Informer: Some streets paved with brick in early 1900s
Published 12:17 pm Sunday, January 13, 2013
Someone told me the streets in downtown Lake Charles were once made from brick? Is this true?
It is.
Streets throughout downtown Lake Charles were paved with brick in the early decades of the 20th century.
Over the years the brick streets were overlain or replaced with concrete, but two streets — Pithon and Ford — featured bricks until 1981.
“Despite the street having endured 70 years of traffic from horse-drawn carriages to the internal combustion machine, the city considers the bricks too difficult to maintain,” reads a June 18, 1981, American Press story on the removal of bricks from Ford Street.
“Concrete is durable and more easily withstands the passage of heavy trucks and the like, officials said.”
The bricks, along with century-old trolley tracks, on Hodges Street were exposed about 10 years ago so the road could be repaved. Since then, patches of the road’s surface have worn away, exposing bricks here and there.
Online: http://libguides.mcneese.edu/archives.
Work hours figure in health care law
How many hours does an employee have to work to be considered eligible for benefits?

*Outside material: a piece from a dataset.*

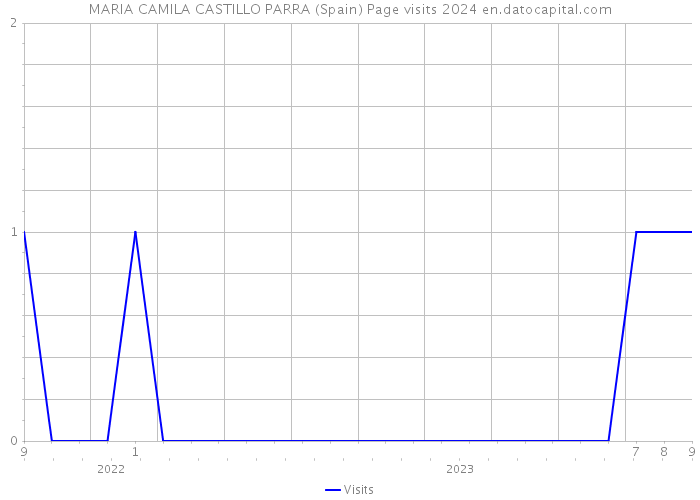 MARIA CAMILA CASTILLO PARRA (Spain) Page visits 2024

The law generally leaves that up to employers.
But starting next year the Patient Protection and Affordable Care Act will require businesses with 50 or more workers to provide health insurance to full-time employees or face fines.
The law defines “full-time employees” as those who work an average of 30 hours a week. Hours put in by part-time employees count toward determining whether the law applies to a business.
“To determine the number of full-time equivalents, add up the number of hours that part-time workers performed during the month and divide that number by 120,” reads the website of the Society for Human Resource Management.
“Add the resulting number to the number of employees who work more than 30 hours a week.”
If the sum equals or exceeds 50, the law applies.
Online: www.shrm.org.
Ejected players barred from field
When a football player is ejected from a game does he have to leave the field for the dressing room or can he simply sit on the bench for the rest of the game and not participate?
Players ejected from games must leave the field, which includes the sidelines and bench area.
The Informer answers questions from readers each Sunday, Monday and Wednesday. It is researched and written by Andrew Perzo, an American Press staff writer. To ask a question, call 494-4098, press 5 and leave voice mail, or email informer@americanpress.com
A section of Hodges Street showing the old brick. (American Press Archives)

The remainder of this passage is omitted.